## ACTIVITY
Determine how many lines in the data below contain "Plástico" and write only that number.

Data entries
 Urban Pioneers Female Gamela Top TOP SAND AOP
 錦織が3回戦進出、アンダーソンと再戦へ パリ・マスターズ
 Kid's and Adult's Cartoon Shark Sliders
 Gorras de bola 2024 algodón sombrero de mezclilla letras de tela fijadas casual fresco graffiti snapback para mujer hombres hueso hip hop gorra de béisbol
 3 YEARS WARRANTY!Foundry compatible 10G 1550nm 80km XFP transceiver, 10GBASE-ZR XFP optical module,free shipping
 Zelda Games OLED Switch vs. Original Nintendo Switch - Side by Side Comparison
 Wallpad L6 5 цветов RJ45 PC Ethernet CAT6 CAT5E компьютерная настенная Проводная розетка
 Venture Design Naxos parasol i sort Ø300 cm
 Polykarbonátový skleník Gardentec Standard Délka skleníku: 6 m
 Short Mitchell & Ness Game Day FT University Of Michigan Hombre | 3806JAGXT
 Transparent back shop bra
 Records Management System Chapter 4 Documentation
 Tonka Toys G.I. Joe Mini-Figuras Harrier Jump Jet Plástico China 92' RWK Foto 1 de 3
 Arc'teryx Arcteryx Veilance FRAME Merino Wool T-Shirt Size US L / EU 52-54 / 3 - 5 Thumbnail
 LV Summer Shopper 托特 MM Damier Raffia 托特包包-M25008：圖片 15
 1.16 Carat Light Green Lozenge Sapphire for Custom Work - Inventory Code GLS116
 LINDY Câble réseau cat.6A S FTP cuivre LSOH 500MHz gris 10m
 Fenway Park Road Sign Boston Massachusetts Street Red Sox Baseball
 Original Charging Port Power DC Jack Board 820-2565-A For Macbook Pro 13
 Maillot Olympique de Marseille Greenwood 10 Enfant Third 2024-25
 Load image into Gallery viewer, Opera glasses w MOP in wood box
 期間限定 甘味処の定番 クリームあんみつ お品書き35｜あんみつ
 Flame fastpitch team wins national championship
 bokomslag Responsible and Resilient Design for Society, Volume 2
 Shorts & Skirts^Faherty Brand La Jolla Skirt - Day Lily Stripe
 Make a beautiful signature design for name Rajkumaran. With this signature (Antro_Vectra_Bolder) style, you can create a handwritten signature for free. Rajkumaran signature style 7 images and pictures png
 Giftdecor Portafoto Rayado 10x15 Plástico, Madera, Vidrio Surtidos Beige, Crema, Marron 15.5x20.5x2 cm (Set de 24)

## RESULT OF THE TASK
2